Clawback Updates: Freeze of Unvested Awards in the UK and Potential for Final Clawback Regulations in the US
March 02, 2022
What’s a company to do when engaged in an investigation that might result in the clawback of an executive’s awards?
Although a useful tool in recovering vested or paid awards, most stock plan professionals wince at the idea of having to undertake a clawback of already paid compensation. Why? Because it’s much harder to acquire something that has already been issued.
As such, when a company begins to investigate a matter that may lead to a clawback, what advance options are available?

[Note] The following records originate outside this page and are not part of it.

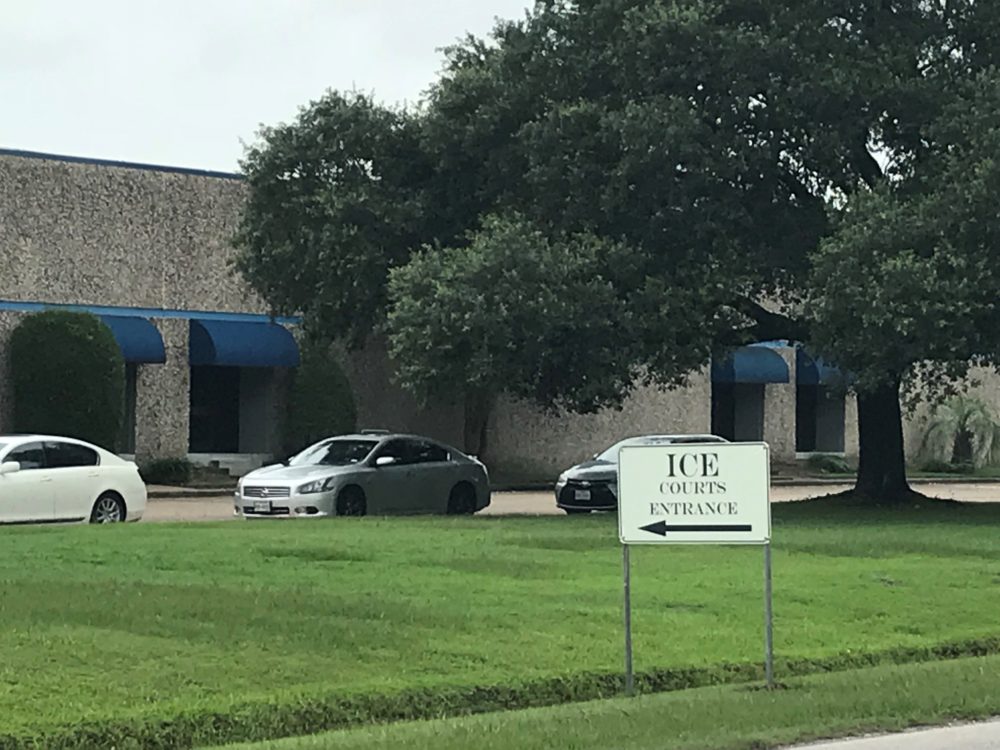 This photo shows the outside of the detained courts at the ICE Houston Service Processing Center.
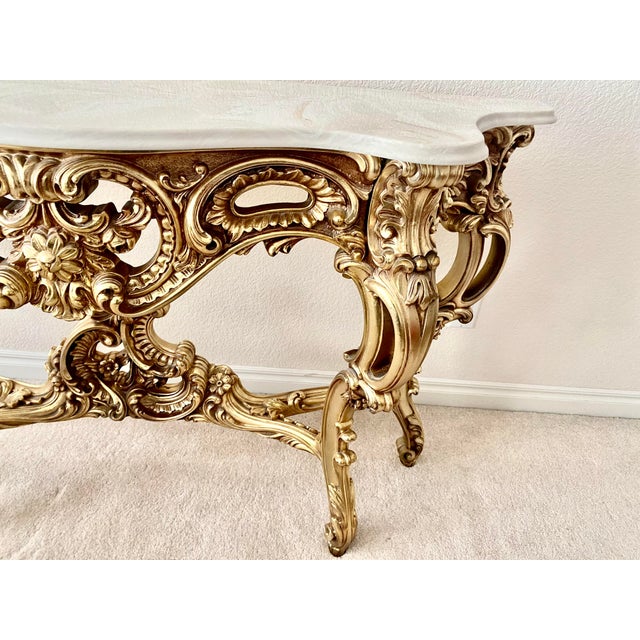 Wood French Louis XV Style Vintage Giltwood Rococo Carved Console Table Vintage For Sale - Image 7 of 15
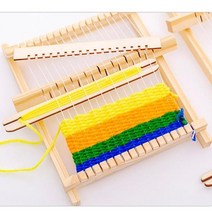 베짜기 베틀 직조 위빙 틀 직조기 손뜨개 위빙 옷감 뜨게 키트 뜨개질 미니 diy 전통적인 나무 장난감 를위한 액세서리와 함께 수제 편직 기계, 01, 1개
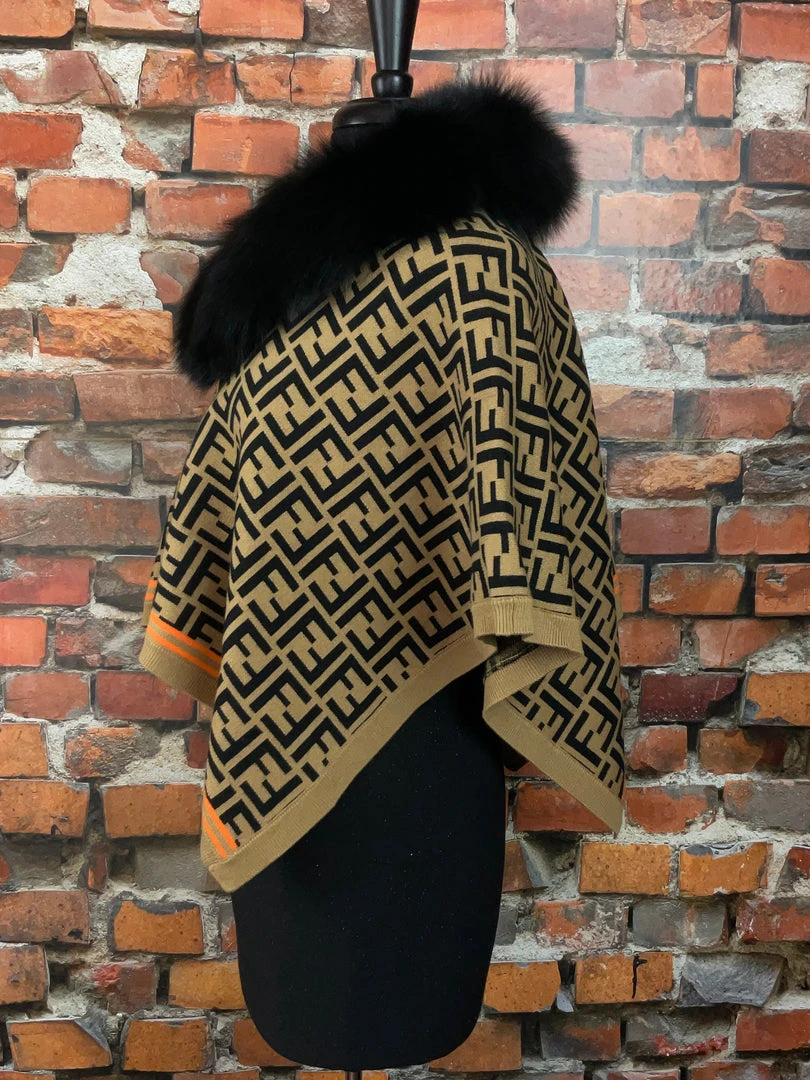 Brand new ๐ Oo La La Letter Pattern Short Cape With Fox Collar New Arrivals ๐ 8 Oo La La Letter Pattern Short Cape With Fox Collar New Arrivals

Recent actions in the United Kingdom by financial firm Barclays PLC might contain an answer, at least for UK companies.
In late February, Barclays announced that they had “frozen” all unvested share awards for their former CEO. The reason for the freeze is an ongoing investigation into alleged connections between the former executive, Jes Stanley, and Jeffrey Epstein.
A vesting freeze means that should the investigation warrant a clawback of awards, it will be easy to simply cancel them. Some investigations can take months and placing a vest hold eliminates further issuances of awards during the investigation period.

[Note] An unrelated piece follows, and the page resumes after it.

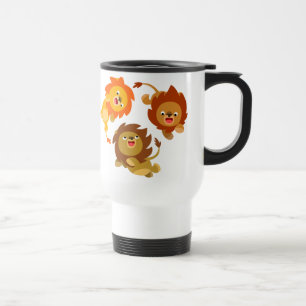Schattig Gewichtloos Carton Leeuwen Forensenmok Reisbeker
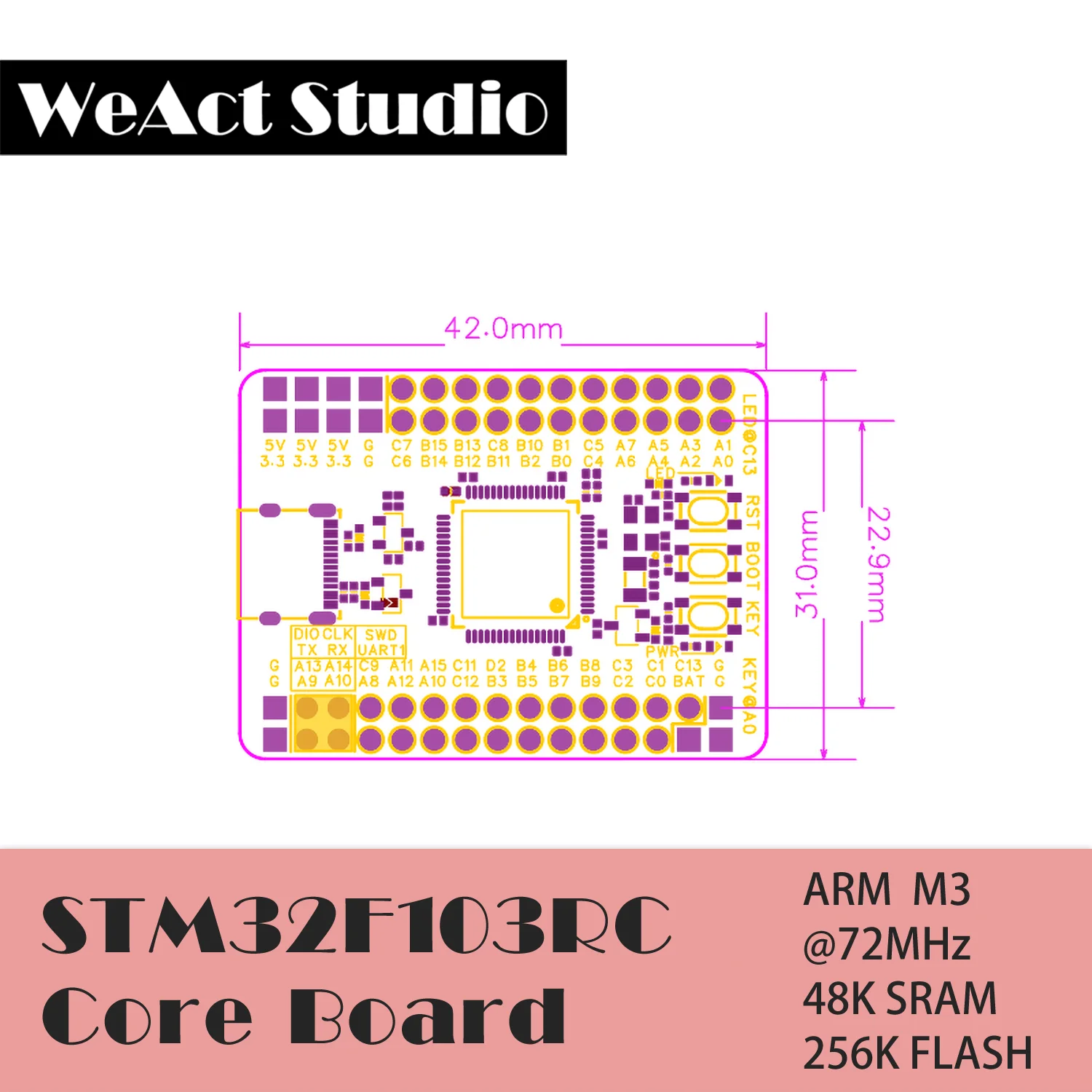 WeAct STM32F103RCT6 ARM STM32 Development Board Small System Board STM32 F103RCT6 STM32F103 STM32F1 Development Board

Barclays is in the United Kingdom, and both the Financial Conduct Authority (FCA) and the Prudential Regulation Authority (PRA) expect certain companies to freeze award vesting for individuals who are undergoing an internal or external investigation that could result in performance adjustments, such as the application of malus and clawback. This point is covered in a recent Tapestry Alert, “Former CEO’s awards suspended, pending investigations.”

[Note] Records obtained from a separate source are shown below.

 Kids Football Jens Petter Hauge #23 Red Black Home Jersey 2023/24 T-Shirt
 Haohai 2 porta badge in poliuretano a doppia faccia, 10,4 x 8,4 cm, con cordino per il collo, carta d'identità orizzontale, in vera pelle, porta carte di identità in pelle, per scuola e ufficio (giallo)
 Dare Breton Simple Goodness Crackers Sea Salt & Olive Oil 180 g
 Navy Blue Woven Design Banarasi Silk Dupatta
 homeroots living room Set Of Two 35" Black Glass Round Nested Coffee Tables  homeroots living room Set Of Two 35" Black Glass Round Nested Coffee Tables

The Tapestry alert also points out that:
“It is widely accepted that malus (reducing or cancelling unvested or unpaid awards) is easier to enforce than clawback (recovering vested or paid awards). Where investigations are ongoing, suspending the vesting of awards is a useful way to extend the period during which malus can be operated. Companies could also extend the applicable clawback period in these circumstances, where necessary.
Companies should ensure they have a clear and robust contractual basis to suspend the vesting of awards and extend clawback periods in these circumstances. This can be achieved through carefully drafted “investigation provisions” in share plan rules and malus and clawback policies.”
Proposed clawback regulations in the U.S. may become final in 2022
In the U.S., expectations for clawbacks are a different story. For one thing, there is currently no regulation that dictates a freeze of unvested compensation during an investigation. In fact, implementing clawback regulations in general have been on the SEC’s rulemaking agenda for years.
In a move that suggests final rules may come in 2022, the SEC recently re-opened comments on proposed clawback rules that date back to 2015. Subsequent to that, the SEC modified it's draft regulations, broadening the proposal.
While awaiting final clawback guidance (which we've been doing for years now), companies can proactively consider the impact and timelines of pending investigations when drafting or modifying their clawback policies.
In the U.S., law firm Sherman & Sterling offers a Clawback Policy Considerations Checklist, a good starting point for companies to implement or evaluate clawback related policies and procedures.
A recent Skadden article explains the status of clawback rulemaking in the US. It’s possible, but not certain, that regulations may finalized in 2022.
In the meantime, Skadden suggests that “companies may want to use this opportunity to review their existing clawback policy (or adopt a new policy, as necessary) and should continue to monitor developments with respect to the finalization of the clawback rules.”